Starting at the top of the records, output every line through the one that contains "Japon pilavı ve", keeping each exactly as it appears.

(GIVEN DATA begins)

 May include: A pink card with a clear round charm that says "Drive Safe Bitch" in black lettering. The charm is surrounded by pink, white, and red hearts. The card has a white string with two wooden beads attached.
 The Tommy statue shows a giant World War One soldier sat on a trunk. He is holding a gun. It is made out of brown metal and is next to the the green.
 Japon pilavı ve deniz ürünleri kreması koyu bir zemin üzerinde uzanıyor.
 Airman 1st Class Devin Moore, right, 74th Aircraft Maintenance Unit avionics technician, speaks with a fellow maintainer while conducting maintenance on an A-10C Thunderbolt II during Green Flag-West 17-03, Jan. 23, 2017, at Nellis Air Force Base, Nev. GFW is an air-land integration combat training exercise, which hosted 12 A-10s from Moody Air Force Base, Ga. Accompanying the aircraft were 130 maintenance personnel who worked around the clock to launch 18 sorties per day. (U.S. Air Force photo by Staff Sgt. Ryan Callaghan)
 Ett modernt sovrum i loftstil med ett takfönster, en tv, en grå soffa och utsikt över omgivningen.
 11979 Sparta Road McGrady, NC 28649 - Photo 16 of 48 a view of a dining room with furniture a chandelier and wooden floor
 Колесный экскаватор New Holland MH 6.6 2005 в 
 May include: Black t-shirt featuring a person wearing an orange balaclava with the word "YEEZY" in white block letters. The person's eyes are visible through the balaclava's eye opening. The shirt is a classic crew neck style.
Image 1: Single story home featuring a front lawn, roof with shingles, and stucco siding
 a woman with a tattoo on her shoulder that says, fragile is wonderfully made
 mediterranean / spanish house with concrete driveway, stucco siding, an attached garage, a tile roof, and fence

(GIVEN DATA ends)

## WRITTEN SOLUTION
 May include: A pink card with a clear round charm that says "Drive Safe Bitch" in black lettering. The charm is surrounded by pink, white, and red hearts. The card has a white string with two wooden beads attached.
 The Tommy statue shows a giant World War One soldier sat on a trunk. He is holding a gun. It is made out of brown metal and is next to the the green.
 Japon pilavı ve deniz ürünleri kreması koyu bir zemin üzerinde uzanıyor.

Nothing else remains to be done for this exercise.